__Data provided__:

┄┄┄┄┄┄┄┄┄┄┄┄┄┄┄┄┄┄┄┄

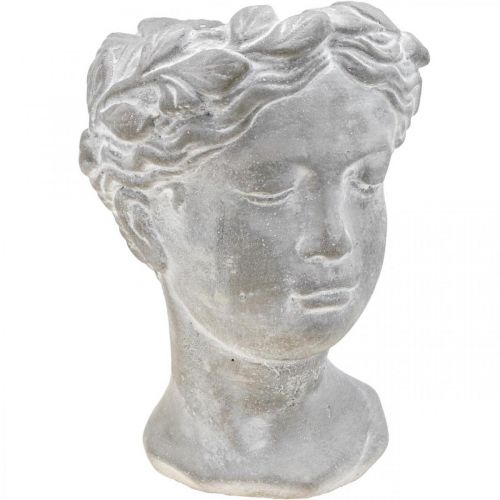 Floristik24 Busto portavaso testa di pianta imbiancata in cemento Ø10cm H21cm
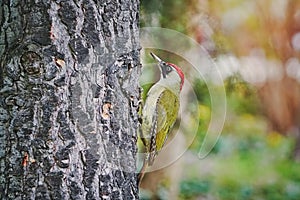 Green Woodpecker on the Tree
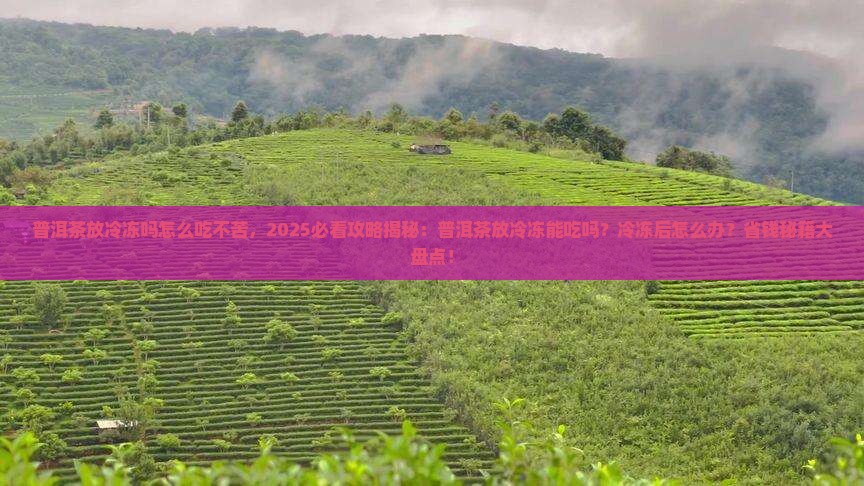 普洱茶放冷冻吗怎么吃不苦 普洱茶放冷冻吗怎么吃不苦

┄┄┄┄┄┄┄┄┄┄┄┄┄┄┄┄┄┄┄┄

__Work required__: Retype the material above exactly, images excluded.

__Task result__:
 Floristik24 Busto portavaso testa di pianta imbiancata in cemento Ø10cm H21cm
 Green Woodpecker on the Tree
 普洱茶放冷冻吗怎么吃不苦 普洱茶放冷冻吗怎么吃不苦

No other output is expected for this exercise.